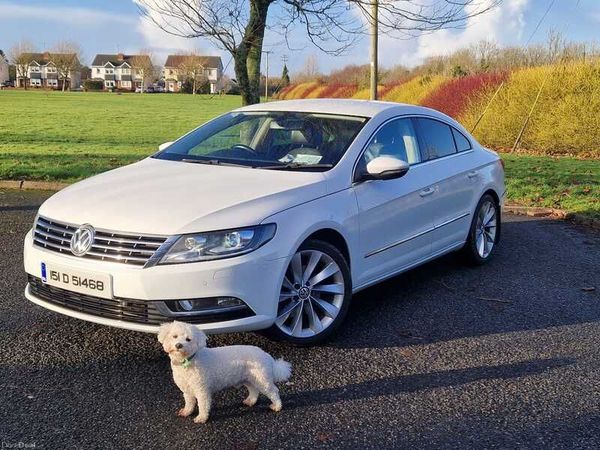 Volkswagen CC Coupe, Diesel, 2015, White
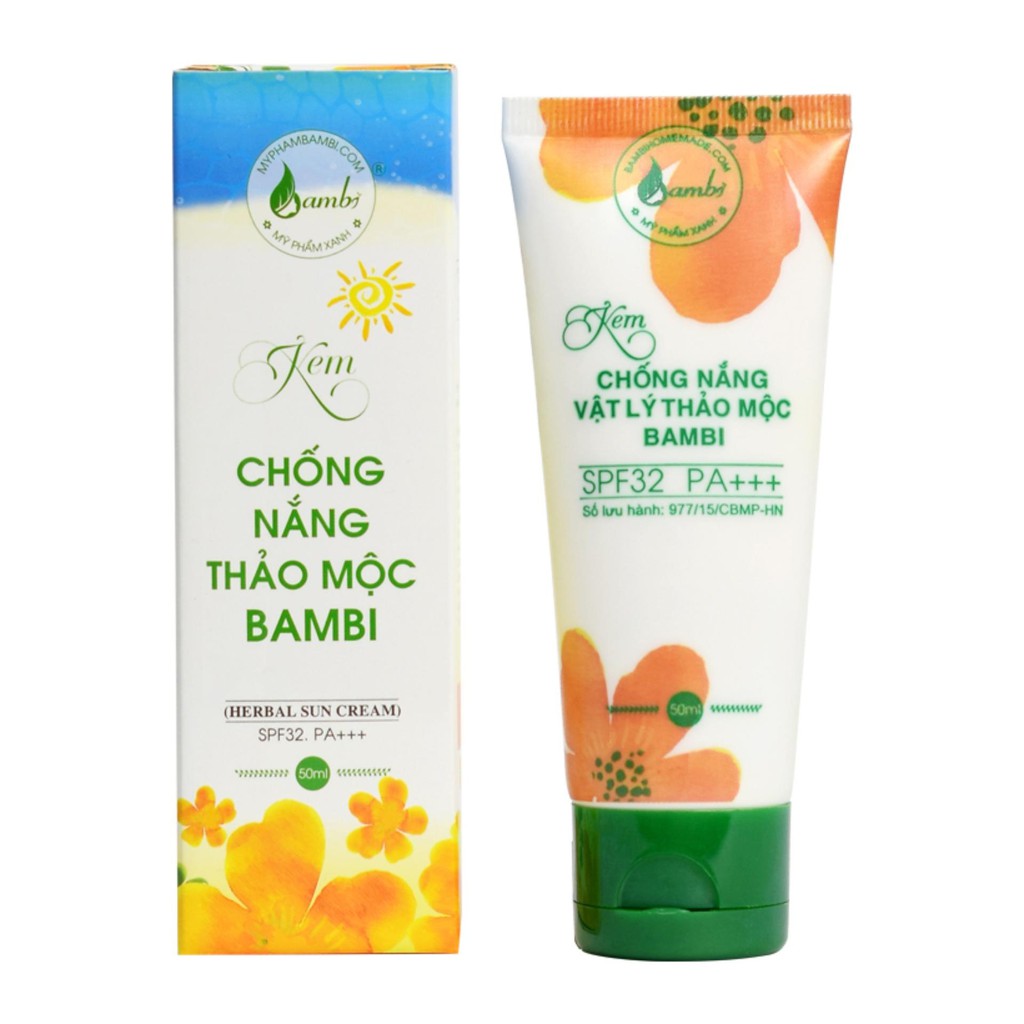Kem Chống nắng Thảo mộc Bambi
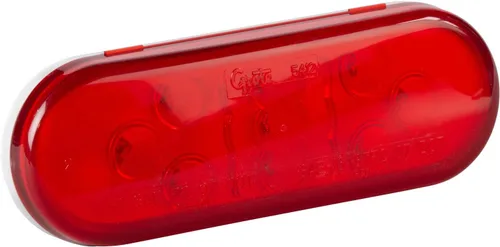 Miniatura 9 de Grote 54672 Luces LED Ovaladas de 6" de Parada/Cola/Giro con Luces de Reversa Integradas - Terminación de Pin Macho Rojo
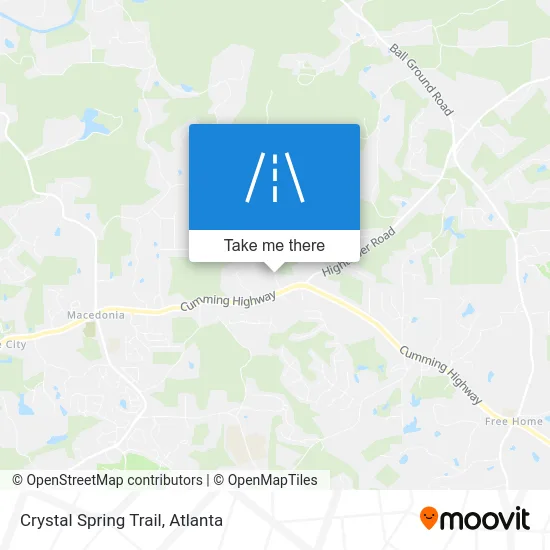 Crystal Spring Trail map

_____

A faithful copy of the data above is wanted, with every image left out.

> **RESULT FOR THIS EXERCISE**:
 Volkswagen CC Coupe, Diesel, 2015, White
Kem Chống nắng Thảo mộc Bambi
 Miniatura 9 de Grote 54672 Luces LED Ovaladas de 6" de Parada/Cola/Giro con Luces de Reversa Integradas - Terminación de Pin Macho Rojo
 Crystal Spring Trail map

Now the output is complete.